Enfants HPI en Polynésie

Enfants HPI en Polynésie : un chercheur pointe le manque de formation des enseignants

Brèves Scolarité

Christian Tamarii est chercheur en sciences de l’éducation. A ce titre, il a rédigé une thèse sur les enfants HPI en Polynésie. Il y constate, notamment, le manque de formation des enseignants et des inégalités sociales pour la question de la détection.

Enfants HPI en Polynésie
Le docteur en sciences sociales Christian Tamarii, invité de TNTV, en Polynésie (DR : TNTV)

Sur son site Internet, TNTV retranscrit un entretien avec Christian Tamarii diffusé samedi 23 janvier 2021. Docteur en sciences de l’éducation, il a notamment rédigé une thèse sur les enfants à haut potentiel intellectuel (HPI) en Polynésie. Il y identifie, entre autres, un problème au niveau de la formation des enseignants sur la thématique dans l’archipel.

Christian Tamarii ne connaît pas le nombre exact d’enfants HPI en Polynésie. Il assure toutefois qu’il en a « trouvés dans tous les milieux sociaux, même dans les milieux défavorisés ». Le HPI, plutôt inné qu’acquis alors ? A confirmer.

Cependant, si le « rang » social n’influe, a priori, pas sur la possibilité du HPI, il conditionne néanmoins son identification.

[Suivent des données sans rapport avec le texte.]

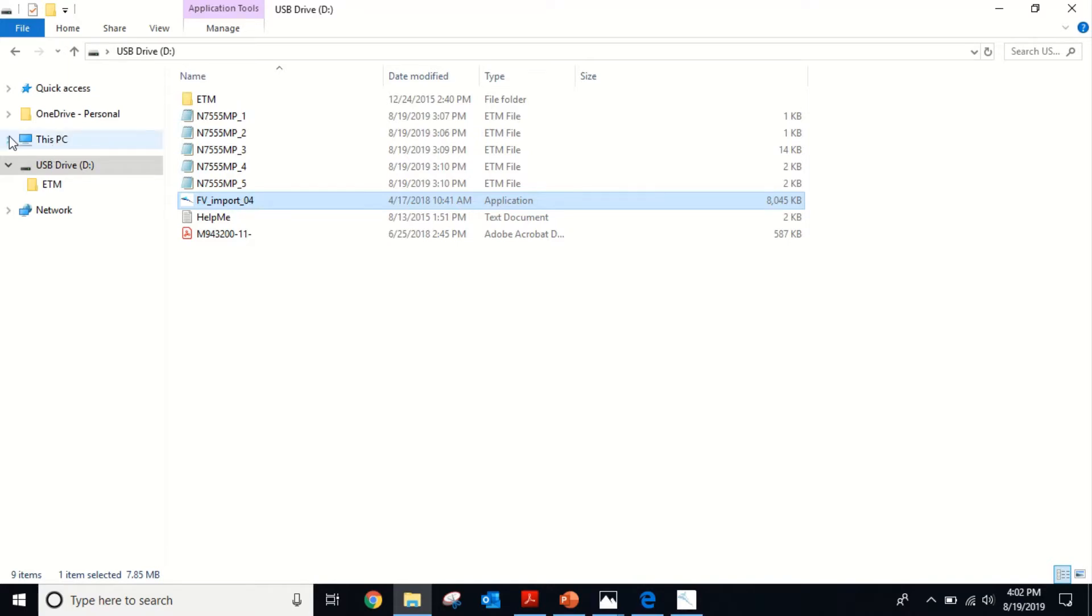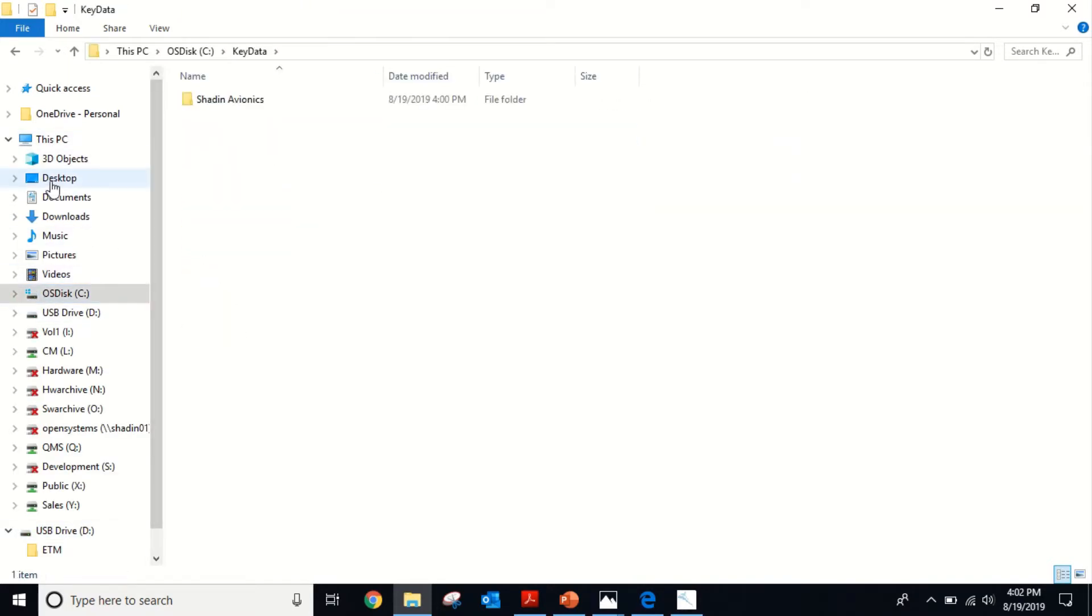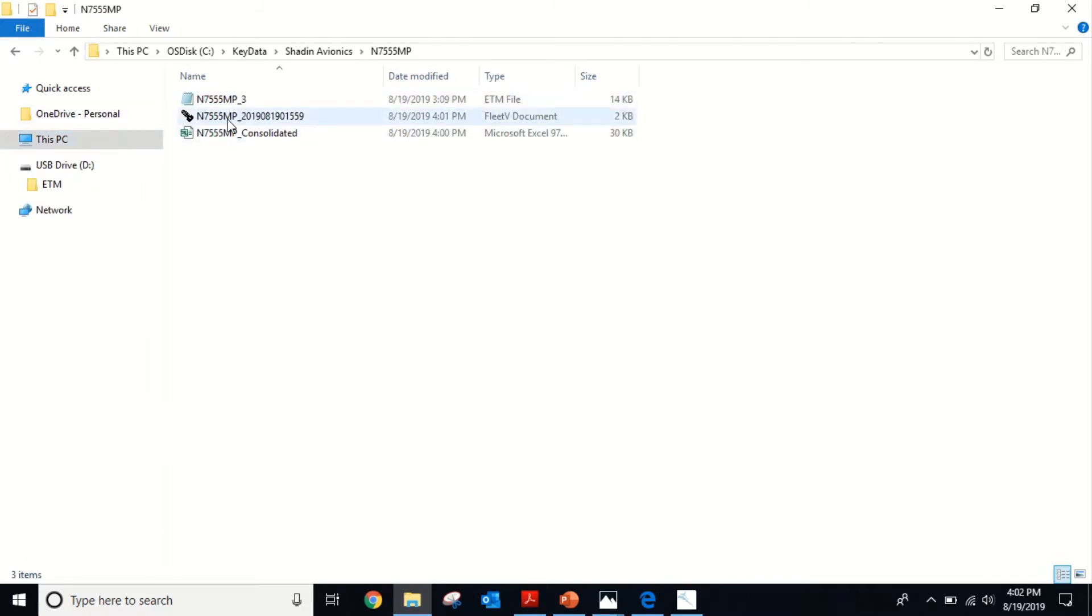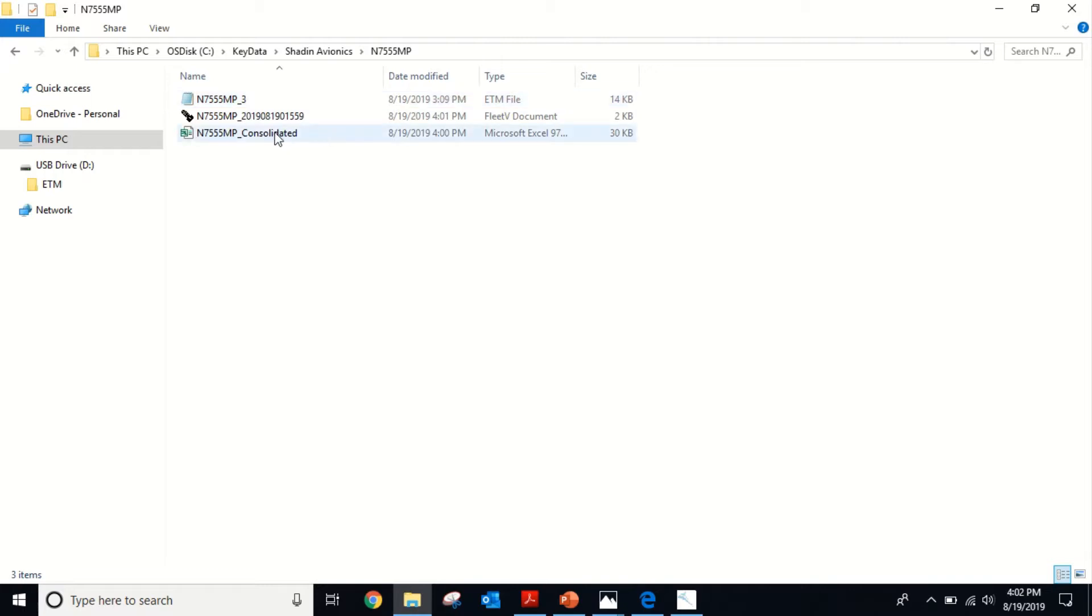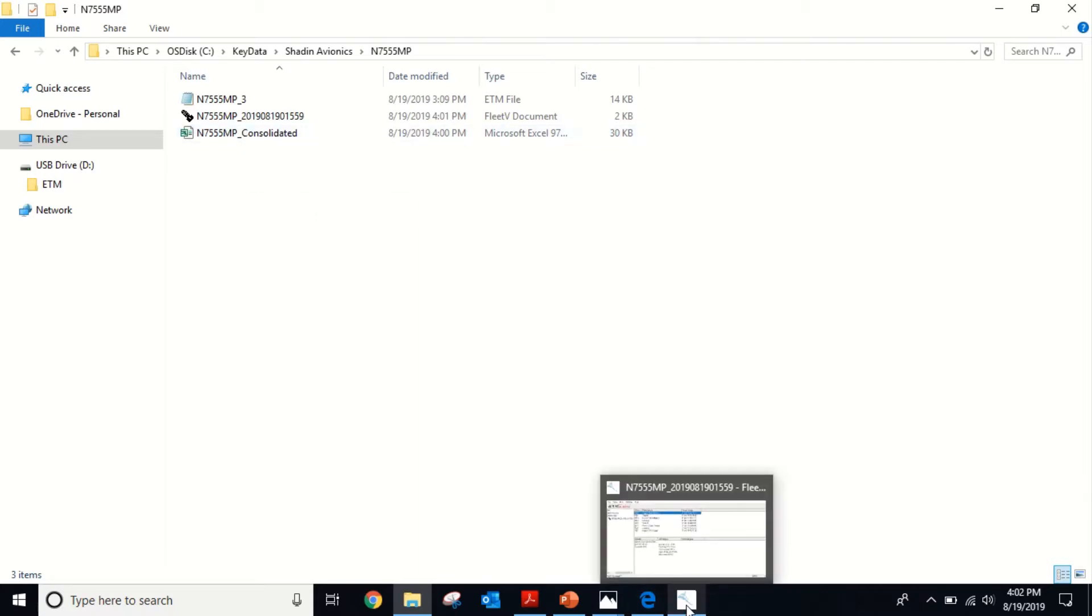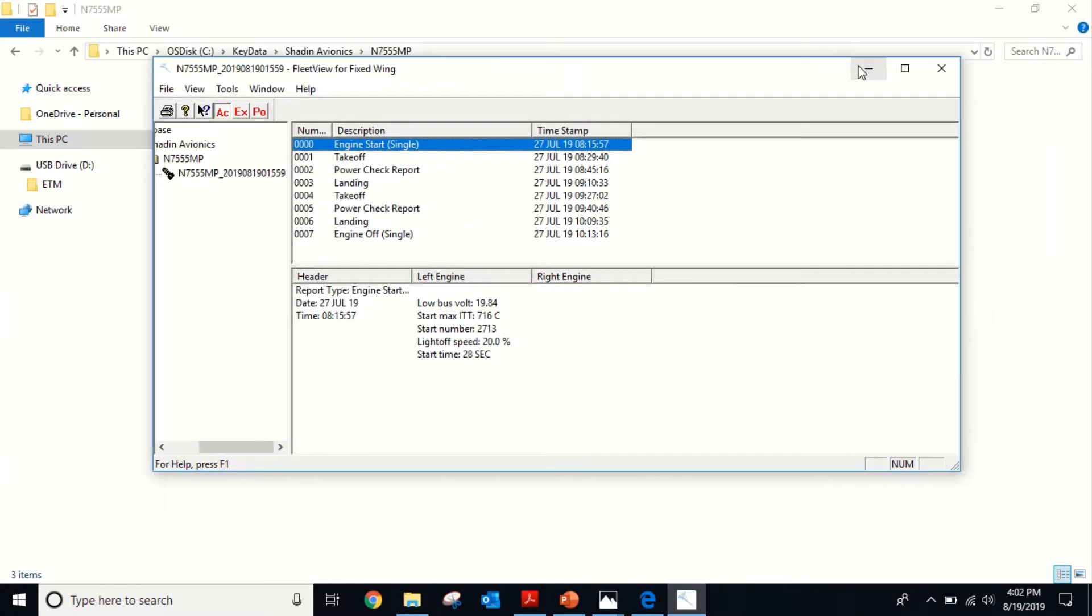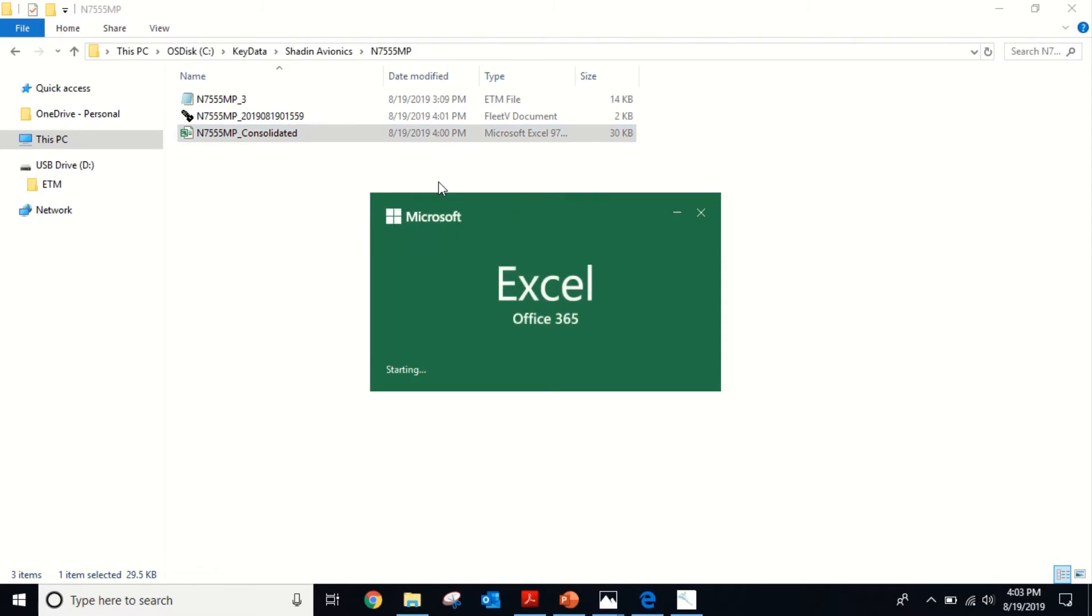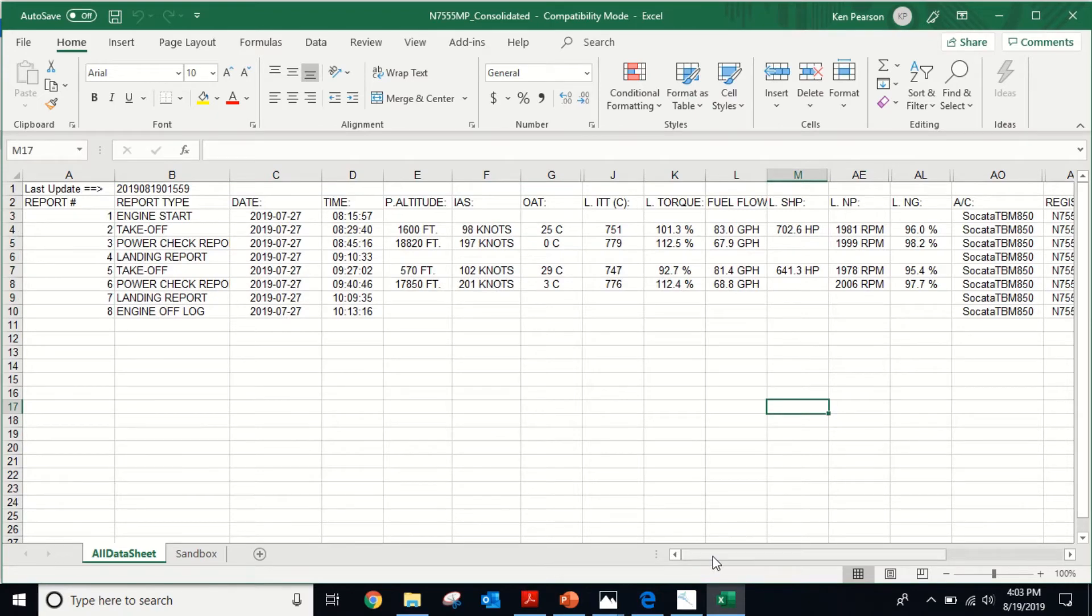You should be able to go to your C drive, go to KeyData and Shaden Avionics 755. You'll see here's that key file, the original ETM file that was recorded off the recorder. And then lastly, when we do this conversion, we create a consolidated file. This is just a feature we came out with when we redid this software for the USB recorder. This Excel file is kind of nice. You can build reports in here if you got lots of data. Basically, it's just a raw data dump of everything that we recorded.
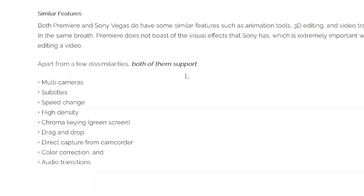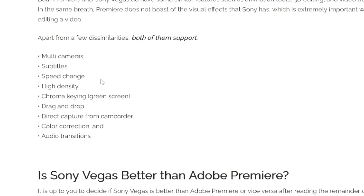Both softwares have a lot in common: multi-camera angles, subtitles, speed change, high density, chroma keying, drag and drop, direct capture from camcorder, color correction, and audio transitions.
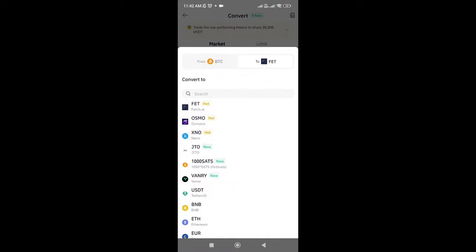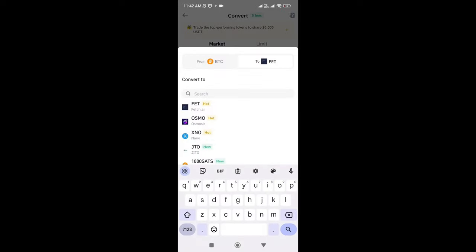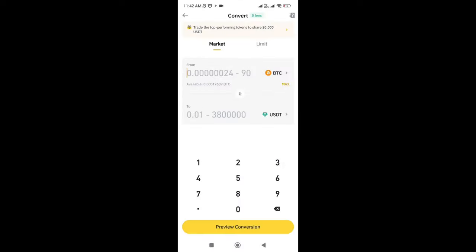Let's search for USDT. Let's put max again, and as you can see this is the conversion rate. Also, I will not pay any fees for this conversion, as you can see here on the convert tab.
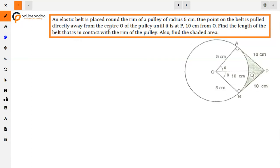The question is: an elastic belt is placed around the ring of a pulley of radius 5 cm. One point on the belt is pulled directly away from the center O of the pulley until it is at point P, 10 cm from O. Find the length of the belt that is in contact with the rim of the pulley, and also find the shaded area.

En effet, parmi les enfants HPI en Polynésie, certains passent entre les mailles du filet. En cause : le déficit de sensibilisation et de formation de leurs professeurs.

Les conséquences de la méconnaissance

« Nous avons des psychologues uniquement dans les écoles publiques, observe le docteur en sciences de l’éducation. En revanche, les écoles protestantes et les écoles adventistes n’en ont pas. L’école catholique n’en a que deux pour des milliers d’enfants. Cela oblige les parents à aller voir le libéral. » Avec, pour conséquence, des dépenses élevées. Ce qui conduit les familles les plus modestes à faire une croix sur un éventuel test de Q.I.

Dans le cadre de son travail de recherche sur les enfants HPI en Polynésie, Christian Tamarii a également constaté l’absence d’une filière spécialisée en Polynésie. Malgré tout, « ce n’est pas une thématique totalement inconnue », dans l’archipel, précise le chercheur. Il observe, en effet, que certains enseignants s’intéressent au sujet. Et s’investissent pour le faire avancer localement.

Il semble que les constats de Christian Tamarii sur les enfants HPI en Polynésie s’appliquent également sur le reste du territoire français. En métropole, comme dans les outremers, les enseignants et le personnel des écoles méconnaissent encore trop le sujet. Une situation qui entraîne, au mieux des incompréhensions. Et, malheureusement, au pire, des conséquences dramatiques avec des problématiques de phobie scolaire et de dépression chez les enfants concernés (Lire sur La Revue du Zèbre).